La lluvia comenzaba a caer. Las primeras gotas, imperceptibles para la
piel de Camila, resbalaban por las hojas de los árboles. La primera gota que ella
sintió cayó sobre su hombro izquierdo, descubierto por la musculosa blanca que,
a pesar del frío, llevaba puesta. Era una lluvia ligera, como un llanto que se
intenta contener. Los ojos claros abiertos, impresionables, vieron lo que fue
la primera de las imágenes: un caballo blanco (más blanco por el contraste
entre lo oscuro del parque donde se encontraba) corría llevando, en la boca,
una pequeña muñeca de hilo blanco, con dos bolitas negras como ojos, y un
pequeño vestido azul con puntos negros. Bastó con que Camila, asustada, pestañeara
con rapidez para que la ilusión desapareciera. Sin embargo, una extraña
sensación había quedado en ella. Algo que le había dolido hace tiempo, y que ya
no recordaba pero que estaba latente, había comenzado de nuevo a doler.
Pensó, con razón, que no debía
permanecer allí. Si estaba enloqueciendo, era mil veces mejor enloquecer en su
casa que a orillas del río. Se levantó, apoyando un pie sobre una de las
piedras minúsculas que orbitaban cerca de la que ella estaba sentada. Cuando intentó pisar la piedra
siguiente, y pegar el envión para salir del charco donde estaba rodeada, sintió
que la piedra se hundía, junto con su pie, a una viscosidad de una sustancia
negra que la convención, en ese momento olvidada, no pudo llamar “barro”.
Ya en el piso, sintió como la lluvia
apuraba su ritmo. Las gotas que parecieron, hace unos minutos, acariciar su
piel, ahora eran balas de un calibre mojado. Creo que las confundió, en algún
momento, con su llanto. Hizo fuerza para levantarse del barro, y cuando lo
hizo, la musculosa blanca que resplandecía en la noche estaba llena de manchas.
Sintió, de alguna manera, que su vientre estaba manchado. El celular y los
cigarrillos quedaron tirados en el pasto cuando comenzó a correr tropezándose
con ramas, lastimándose los tobillos como cuando era niña y jugaba a la mancha
con Diana, Perla y Eliana.
La segunda visión apareció cuando
intentó cruzar la calle. Los bares estaban, ahora, vacíos. Una inmensidad de
negrura atravesaba la calle, cubriendo la luz de los postes, las rayitas
amarillas de la calle y los pinos del bulevar. En ese líquido negro, símil
petróleo, iban nadando muñecas de su infancia, que creyó reconocer. Las mismas
muñecas que su mamá le regalaba para sus cumpleaños, pero obsoletas, y rotas.

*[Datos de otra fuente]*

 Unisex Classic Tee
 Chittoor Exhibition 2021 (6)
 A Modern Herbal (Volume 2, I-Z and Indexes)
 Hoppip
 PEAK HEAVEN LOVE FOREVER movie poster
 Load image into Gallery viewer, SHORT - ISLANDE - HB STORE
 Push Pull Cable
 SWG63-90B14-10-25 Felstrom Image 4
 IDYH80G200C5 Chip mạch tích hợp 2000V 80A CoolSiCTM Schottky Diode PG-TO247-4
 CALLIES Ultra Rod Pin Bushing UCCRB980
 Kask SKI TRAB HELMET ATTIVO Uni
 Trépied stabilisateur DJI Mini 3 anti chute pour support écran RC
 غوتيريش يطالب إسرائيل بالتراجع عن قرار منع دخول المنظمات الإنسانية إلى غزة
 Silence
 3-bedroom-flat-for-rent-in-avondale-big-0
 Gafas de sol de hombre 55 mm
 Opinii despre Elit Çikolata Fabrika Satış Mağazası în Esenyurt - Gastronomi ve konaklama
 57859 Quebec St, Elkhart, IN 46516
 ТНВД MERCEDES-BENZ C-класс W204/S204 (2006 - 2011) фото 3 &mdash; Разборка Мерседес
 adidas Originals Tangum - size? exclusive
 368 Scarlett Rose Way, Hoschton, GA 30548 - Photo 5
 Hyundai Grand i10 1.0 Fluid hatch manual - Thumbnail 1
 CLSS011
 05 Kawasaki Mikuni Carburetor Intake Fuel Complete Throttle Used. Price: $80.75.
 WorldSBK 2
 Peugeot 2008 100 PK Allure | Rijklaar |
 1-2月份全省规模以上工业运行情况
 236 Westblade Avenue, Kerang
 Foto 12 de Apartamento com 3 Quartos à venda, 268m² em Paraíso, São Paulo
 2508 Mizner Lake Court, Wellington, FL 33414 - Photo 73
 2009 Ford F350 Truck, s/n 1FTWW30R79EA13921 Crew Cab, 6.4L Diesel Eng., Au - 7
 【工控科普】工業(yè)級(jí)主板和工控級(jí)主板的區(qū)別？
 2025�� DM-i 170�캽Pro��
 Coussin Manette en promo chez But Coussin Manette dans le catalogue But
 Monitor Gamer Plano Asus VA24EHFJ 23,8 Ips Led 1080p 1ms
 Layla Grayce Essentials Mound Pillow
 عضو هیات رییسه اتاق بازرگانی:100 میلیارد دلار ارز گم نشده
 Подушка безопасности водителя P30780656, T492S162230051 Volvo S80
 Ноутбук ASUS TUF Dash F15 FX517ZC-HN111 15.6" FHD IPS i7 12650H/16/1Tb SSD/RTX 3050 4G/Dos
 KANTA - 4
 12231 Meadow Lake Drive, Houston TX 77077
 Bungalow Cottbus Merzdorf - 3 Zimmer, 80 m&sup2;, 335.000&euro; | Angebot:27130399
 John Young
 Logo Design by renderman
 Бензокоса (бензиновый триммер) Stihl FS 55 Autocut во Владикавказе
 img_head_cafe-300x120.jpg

Sin ojos, sin piernas o manos. Algunas tenían, pero muy pocas, broches incrustados
como navajas en sus cuerpos. Además de las muñecas, en el líquido también
flotaban cartas, de esas que su mamá leía cuando lloraba, o al revés.
Acorralada por la imagen en la calle
corrió para el lado contrario. El ruido del agua, los saltos de los peces, se
hacían cada vez más cercanos. Sus piernas pisaban lo que pensó que no eran
hojas.
El río pareció, al verlo, familiar y
calmo, comparado con aquel otro río. Fue imposible no tirarse.